As the men spoke, I wandered up nearer to the house, began to look over the wind chimes I’d seen dangling earlier. I cocked my head to the side, giving them a closer look as a light breeze blew in out of the west and shook the chimes from side to side.

They weren’t wind chimes. At least, not like any I’d ever seen.

No, they were antlers, deer antlers to be exact, that had been sectioned off and strung together like triangular chandeliers. Burned into the skeletal structure of the antlers were what looked like weird reversed Nazi crosses. Swastikas. The symbols covered the antlers in twisting, strange script, like those bad tribal tattoos all those frat guys seemed to have around their upper arms.

The closer I looked at them, though, the more I began to realize that they weren’t exactly the same kind of symbol. Instead, they were reversed, and not at an angle.

“Well,” Ike said from behind me as I continued to peer up at the bizarre decorations, “if y’all don’t mind a hike, I’ll take you up to see Pa. He’s out moving the cattle around to one of their feeding pastures, might can catch him before he gets too far away.”

“Sounds good. Faith? You coming?”

“Hey, Ike,” I called, ignoring Sam as I pointed up to the antler chimes hanging all over the house. “Mind if I ask what those are?”

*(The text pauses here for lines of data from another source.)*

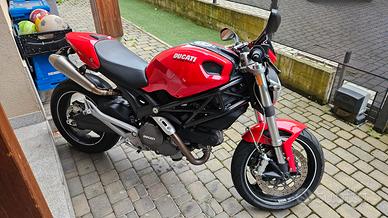 DUCATI MONSTER 696 PLUS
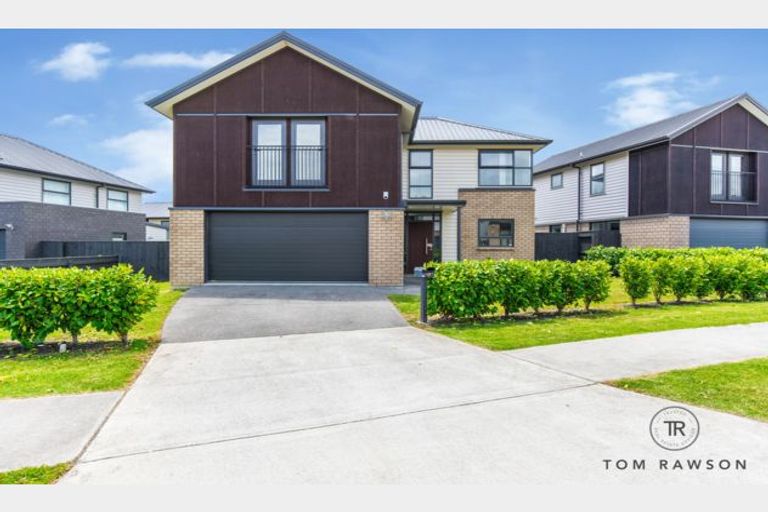 Photo of property in 13 Hirimate Place, Flat Bush, Auckland, 2019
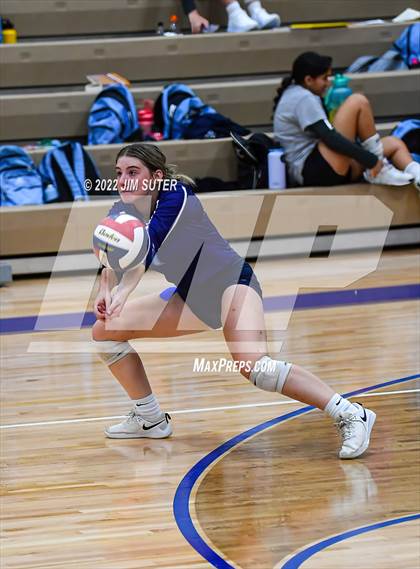 Thumbnail 2 in Brazos Christian vs Reicher Catholic photogallery.
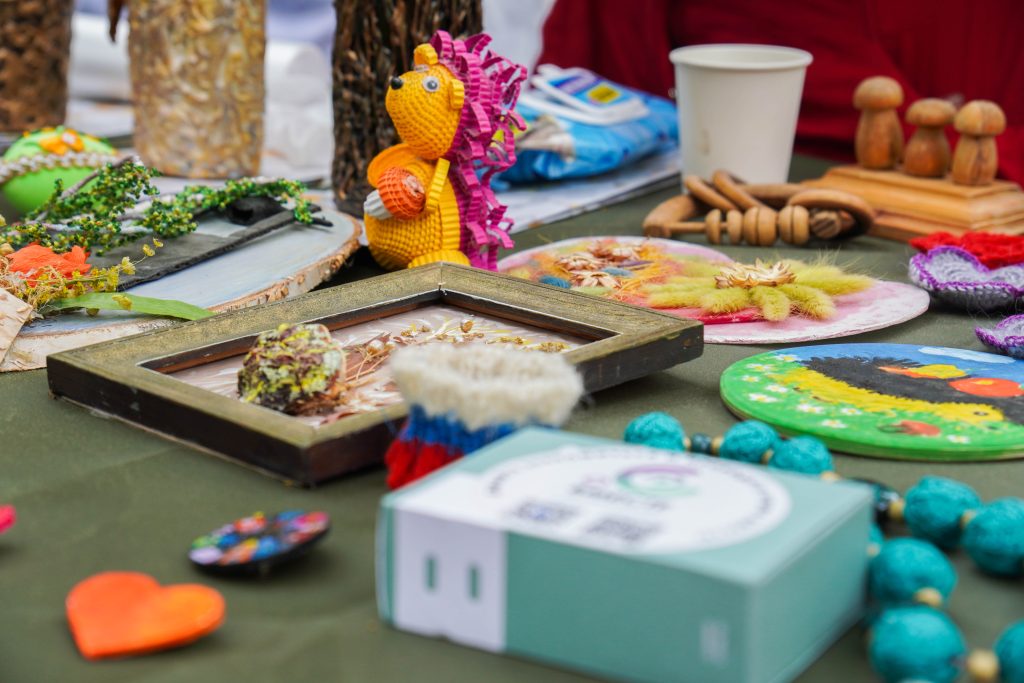 Творческий мастер-класс пройдет в библиотеке №136 имени Льва Толстого. Фото: Ксения Догонашева, «Вечерняя Москва»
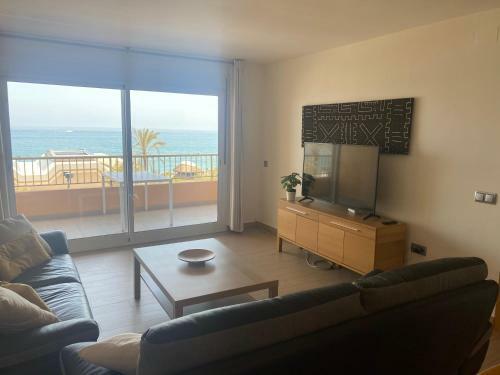 Albamar Frontline Beach Apartment 3 Bedrooms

“Those?” he asked as he came up beside me. “Just a bunch of old hoodoo my babushka made when she and my papaw were alive, ma’am. She was from down south, east of San Antonio, and only spoke Polish and German. Well, some English, but only the words sailors would use. She’d make things like that, hang ’em up all over. Or potions and salves and the like for the neighboring families. Made us promise not to take ’em down as long as we lived in the house, said they’d keep away evil spirits or some such.”

“Really?” I asked. “Hoodoo? Don’t you mean voodoo?”

“No,” Sam said as he stepped up on the other side of me, “he means hoodoo. More European superstitions, less African and Caribbean, like with voodoo. Handed down from the old cunning folk, the wise women and men of the villages who healed the sick and kept them safe from disease. Voodoo’s a different kind of thing, has more to do with magic that affects others, and hoodoo is more about protection of the hearth and home.”

I turned to him, eyebrow raised, a little smile on my lips. “Aren’t we a fount of knowledge?”

He blushed a little, looked away. “I had a minor in history, okay?” He paused and licked his lips, a knowing glint in his eyes. “Hey, Ike, you ready?”

“Sure am.”

And, with that, the two men headed off back towards the pasture.

Still, though, I couldn’t help but stare up at those antlers, at the weird crosses burned into their surface, at the kind of braid they made as they intertwined all the way down to the points. Something about them should have been unsettling, should have set my teeth on edge and my hair on end.

But, the funny thing was, they didn’t do anything of the kind. If anything, they were a comfort. A strange form of comfort, no doubt. But still, a comfort nonetheless.

“Faith!” Sam called from the far gate that led into the nearest pasture. “You coming, or not? Ike says it’s close enough to walk, but we gotta hurry.”

“Yeah!” I shouted back before beginning a short jog over to them. Finally, I fell in line behind Sam, and the three of us were headed out into the pasture to find the elder Shook.

Hopefully, he’d be able to shed some more light on what we were dealing with.

Deep down, though, I had the sinking feeling that all he was going to do was provide us with more questions than answers.